= Ana-Maria Avram =

Romanian composer, pianist, conductor, and musicologist

Ana-Maria Avram (1961– 1 August 2017) was a Romanian composer, pianist, conductor and musicologist. Avram was the co-conductor of the Hyperion Ensemble and co-founder and artistic director of the Spectrum XXI festival, which was designed to showcase innovative Romanian music.

== Biography ==
Avram was born in 1961 in Bucharest, Romania. She attended the National University of Music Bucharest from 1980 to 1985, after which she studied aesthetics at Sorbonne, Paris. She was also the co-director of Hyperion Ensemble with her husband Iancu Dumitrescu, who founded the ensemble in 1976. The ensemble toured in Romania, France, and the UK. Avram also took on an administrative role by creating Spectrum XXI festival, which was designed to showcase innovative Romanian music. Avram was an early member of the Romanian community of electronic and computer music. Avram composed commissions for ensembles such as the Kronos Quartet, 20 Jahrhundert from Vienna, and orchestras including Bucharest Philharmonic Orchestra, the Romanian National Orchestra, the Romanian Radio Chamber Orchestra, and Radio-France.

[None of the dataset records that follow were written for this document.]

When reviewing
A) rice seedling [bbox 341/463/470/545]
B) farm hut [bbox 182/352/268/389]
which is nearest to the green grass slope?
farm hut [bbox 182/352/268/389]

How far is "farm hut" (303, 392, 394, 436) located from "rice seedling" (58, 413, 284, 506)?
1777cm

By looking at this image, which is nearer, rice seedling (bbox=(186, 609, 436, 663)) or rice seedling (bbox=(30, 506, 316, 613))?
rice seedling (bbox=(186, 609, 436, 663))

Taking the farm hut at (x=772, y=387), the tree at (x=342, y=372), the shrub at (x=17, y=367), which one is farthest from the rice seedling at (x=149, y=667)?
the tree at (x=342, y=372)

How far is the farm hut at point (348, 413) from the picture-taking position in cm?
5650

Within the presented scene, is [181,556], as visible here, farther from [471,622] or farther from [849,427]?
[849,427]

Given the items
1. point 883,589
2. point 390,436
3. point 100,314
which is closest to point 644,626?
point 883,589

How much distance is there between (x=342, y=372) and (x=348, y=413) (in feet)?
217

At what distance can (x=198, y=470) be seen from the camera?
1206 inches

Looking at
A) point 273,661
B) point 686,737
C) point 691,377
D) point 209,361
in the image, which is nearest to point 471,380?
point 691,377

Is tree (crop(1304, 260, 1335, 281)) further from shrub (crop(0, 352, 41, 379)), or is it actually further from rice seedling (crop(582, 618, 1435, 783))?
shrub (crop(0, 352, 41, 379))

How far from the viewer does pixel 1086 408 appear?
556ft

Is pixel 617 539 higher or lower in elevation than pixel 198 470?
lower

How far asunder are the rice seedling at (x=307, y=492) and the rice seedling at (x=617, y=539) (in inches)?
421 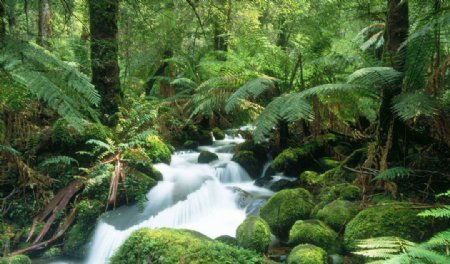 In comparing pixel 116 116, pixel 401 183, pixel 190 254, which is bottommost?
pixel 190 254

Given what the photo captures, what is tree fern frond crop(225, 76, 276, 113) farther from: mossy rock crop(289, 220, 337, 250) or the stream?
mossy rock crop(289, 220, 337, 250)

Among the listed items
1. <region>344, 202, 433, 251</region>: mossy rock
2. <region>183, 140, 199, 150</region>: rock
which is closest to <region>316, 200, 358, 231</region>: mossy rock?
<region>344, 202, 433, 251</region>: mossy rock

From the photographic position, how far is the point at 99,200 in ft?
15.4

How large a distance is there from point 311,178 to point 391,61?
1.93m

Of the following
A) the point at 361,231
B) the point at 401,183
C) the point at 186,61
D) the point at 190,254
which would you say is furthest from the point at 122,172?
the point at 186,61

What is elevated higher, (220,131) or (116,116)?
(116,116)

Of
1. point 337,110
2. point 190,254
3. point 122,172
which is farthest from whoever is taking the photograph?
point 337,110

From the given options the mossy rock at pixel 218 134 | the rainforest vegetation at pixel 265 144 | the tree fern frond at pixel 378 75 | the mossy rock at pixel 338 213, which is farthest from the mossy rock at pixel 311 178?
the mossy rock at pixel 218 134

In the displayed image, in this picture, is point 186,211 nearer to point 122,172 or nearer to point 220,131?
point 122,172

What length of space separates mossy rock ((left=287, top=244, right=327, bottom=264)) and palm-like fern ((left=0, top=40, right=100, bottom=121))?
7.48ft

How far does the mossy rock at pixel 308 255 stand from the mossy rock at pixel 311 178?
174 centimetres

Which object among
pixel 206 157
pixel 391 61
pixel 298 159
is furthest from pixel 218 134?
pixel 391 61

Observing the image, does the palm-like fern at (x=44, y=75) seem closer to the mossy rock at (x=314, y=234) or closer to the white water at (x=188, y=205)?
A: the mossy rock at (x=314, y=234)

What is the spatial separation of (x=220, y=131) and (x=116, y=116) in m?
3.22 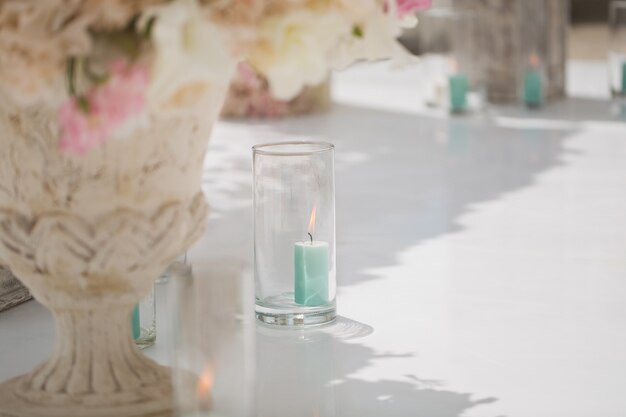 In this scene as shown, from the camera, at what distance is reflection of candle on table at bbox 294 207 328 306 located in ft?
5.16

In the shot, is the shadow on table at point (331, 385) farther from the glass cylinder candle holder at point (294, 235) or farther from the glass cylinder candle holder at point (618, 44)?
the glass cylinder candle holder at point (618, 44)

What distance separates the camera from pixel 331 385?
1.39m

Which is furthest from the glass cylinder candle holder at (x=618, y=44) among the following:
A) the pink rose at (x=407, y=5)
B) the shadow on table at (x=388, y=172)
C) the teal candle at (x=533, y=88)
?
the pink rose at (x=407, y=5)

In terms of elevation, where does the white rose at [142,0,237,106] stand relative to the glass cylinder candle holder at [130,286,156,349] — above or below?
above

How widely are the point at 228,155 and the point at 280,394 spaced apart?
1.88 metres

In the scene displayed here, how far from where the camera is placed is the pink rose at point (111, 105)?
0.96 m

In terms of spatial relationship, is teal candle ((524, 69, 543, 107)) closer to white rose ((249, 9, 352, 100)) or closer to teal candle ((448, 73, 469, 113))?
teal candle ((448, 73, 469, 113))

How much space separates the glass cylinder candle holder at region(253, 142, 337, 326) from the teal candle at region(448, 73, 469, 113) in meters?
2.34

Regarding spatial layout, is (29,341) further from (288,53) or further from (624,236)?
(624,236)

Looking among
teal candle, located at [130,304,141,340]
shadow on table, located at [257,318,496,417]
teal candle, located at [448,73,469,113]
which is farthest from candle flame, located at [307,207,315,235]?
teal candle, located at [448,73,469,113]

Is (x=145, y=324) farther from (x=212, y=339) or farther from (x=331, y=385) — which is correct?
(x=212, y=339)

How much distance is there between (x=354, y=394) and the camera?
1.36m

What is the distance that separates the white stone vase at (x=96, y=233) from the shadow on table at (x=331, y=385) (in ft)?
0.64

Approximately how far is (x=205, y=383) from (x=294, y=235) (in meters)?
0.58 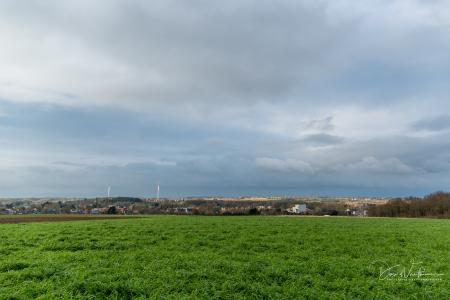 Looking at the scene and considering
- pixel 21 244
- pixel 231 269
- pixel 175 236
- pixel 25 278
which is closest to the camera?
pixel 25 278

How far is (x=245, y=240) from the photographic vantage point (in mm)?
20875

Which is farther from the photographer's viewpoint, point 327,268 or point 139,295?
point 327,268

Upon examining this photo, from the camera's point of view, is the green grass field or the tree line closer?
the green grass field

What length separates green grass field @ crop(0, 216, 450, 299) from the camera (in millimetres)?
11625

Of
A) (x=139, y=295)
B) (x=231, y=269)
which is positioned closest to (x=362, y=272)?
(x=231, y=269)

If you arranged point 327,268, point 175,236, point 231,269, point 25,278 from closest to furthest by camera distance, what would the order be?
point 25,278 < point 231,269 < point 327,268 < point 175,236

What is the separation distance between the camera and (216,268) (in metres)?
14.0

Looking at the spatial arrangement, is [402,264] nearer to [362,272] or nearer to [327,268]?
[362,272]

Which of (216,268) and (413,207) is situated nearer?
(216,268)

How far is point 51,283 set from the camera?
1159 centimetres

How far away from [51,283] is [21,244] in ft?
29.2

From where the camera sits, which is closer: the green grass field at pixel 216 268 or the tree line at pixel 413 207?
the green grass field at pixel 216 268

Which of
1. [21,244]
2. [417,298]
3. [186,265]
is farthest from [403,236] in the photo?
[21,244]

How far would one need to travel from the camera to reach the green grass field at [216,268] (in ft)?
38.1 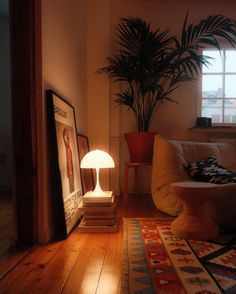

Avram died suddenly on 1 August 2017 at the age of fifty-five. She continues to have performances of her works after her death, like Issue Projects Room's "Tombeau for Ana-Maria Avram" concert.

== Musical style ==

Avram's music synthesized contemporary classical, improvisation, electro-acoustic- and electronic music. Her music tended to move between improvisation and notation and often used electronics to augment her sonic palette. Avram was a proponent of spectral music, and argued that spectralism is "a specific attitude towards sound" which encompasses "many different viewpoints". She composed around 130 pieces, and released 25 collaborative albums with her husband.